Social media are not made for me, I prefer forums.
 
i initially made liek a super long essay on my experience with the net as a whole buuut thats liek way too long so ill probably dump it on my blog instead and put a more general thing here since i do have liek a Bunch of thoughts on this topic.

so essentially as an incredibly dumbed down version of what i was gonna say before, i started using the net in liek around 2012. so for context im from a third world country so the concept of the internet and anything ""modern"" was super new 2 me so id often end up engaging with older stuff thinking its super new so that heavily added 2 my disconnect from liek modern sites.
liek 4 context i had the nes during the 2010s and thought it was liek the pinnacle of gaming then saw . mario 64. of all things online in 2013 and thought that was the coolest newest thing ever.

i wasnt rlly on liek traditional forums as a kid but i only rlly started engaging with liek...the Big sites from liek 2020. prior to that my social media experience was deviantart, amino and an art app that felt moreso liek it came out of 2002 then it did 2012. there were more sites but these were the most prominent 4 me and out of this 2/3 had no algorithm whatsoever.
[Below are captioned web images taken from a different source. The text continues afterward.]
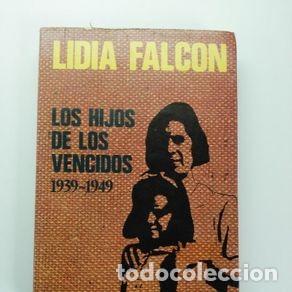 Libros de segunda mano: LOS HIJOS DE LOS VENCIDOS - LIDIA FALCON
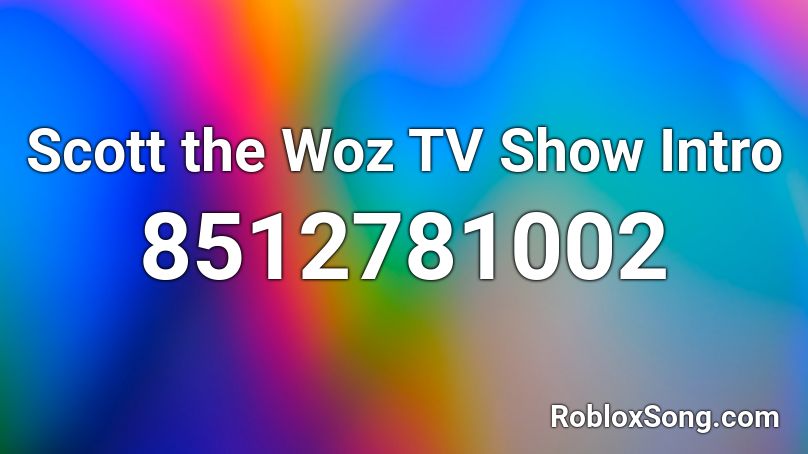 Scott the Woz TV Show Intro Roblox ID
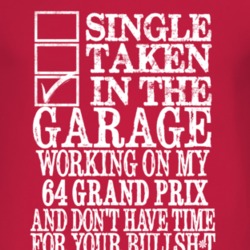 Single Taken In The Garage With 1964 Pontiac Grand Prix T Shirt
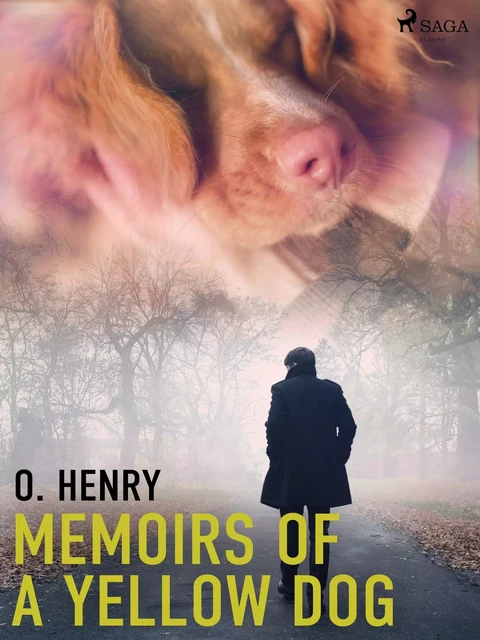 Memoirs of a Yellow Dog - O. Henry - Saga Egmont International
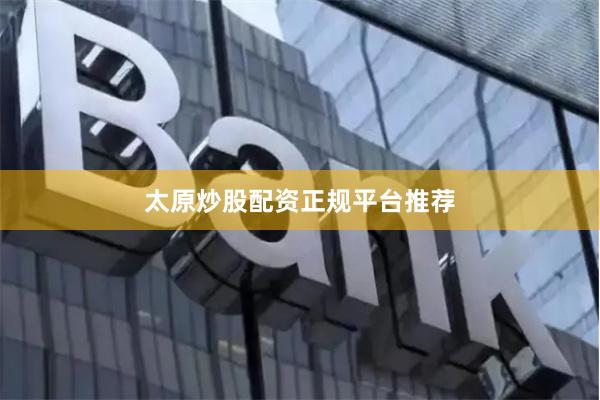 太原炒股配资正规平台推荐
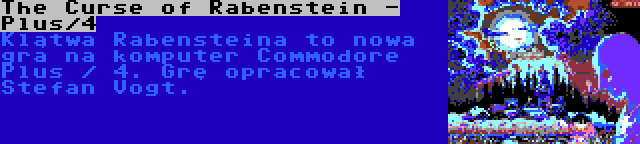 The Curse of Rabenstein - Plus/4 | Klątwa Rabensteina to nowa gra na komputer Commodore Plus / 4. Grę opracował Stefan Vogt.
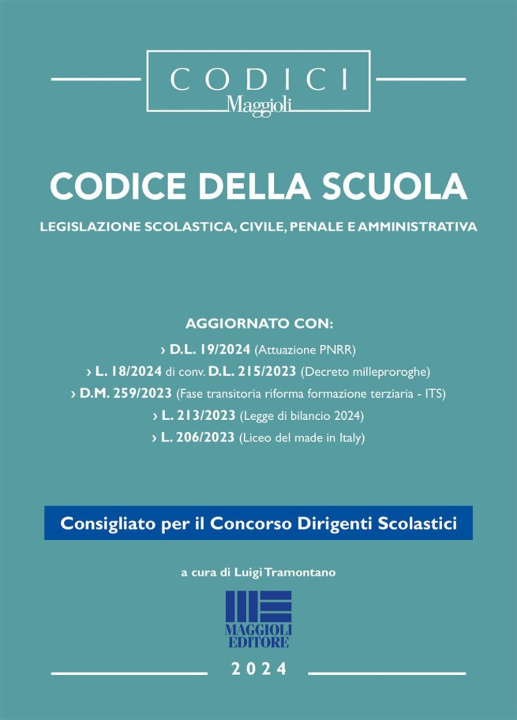 Книга Codice della Scuola. Legislazione scolastica, civile, penale e amministrativa Luigi Tramontano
so liek fast forward to 2020 that was when i started engaging with bigger social media since all the other people i knew online had already shifted 2 them. i mostly only posted art which initially was fine but beyond that it was just dull.
liek maybe its just me but its just painfully difficult 2 talk to anyone on them and theres so many weird unspoken rules and u need to constantly promo and be active and present liek a certain ""image"" and fit liek certain ""groups"" and both everyone sees you and nobody sees you and it's all so fast paced and just a pain. it's too much pressure which when i tried engaging beyond just posting art it ended up becoming too much for me to handle and eventually even posting art became too nerve-wracking so i just quit for the most part.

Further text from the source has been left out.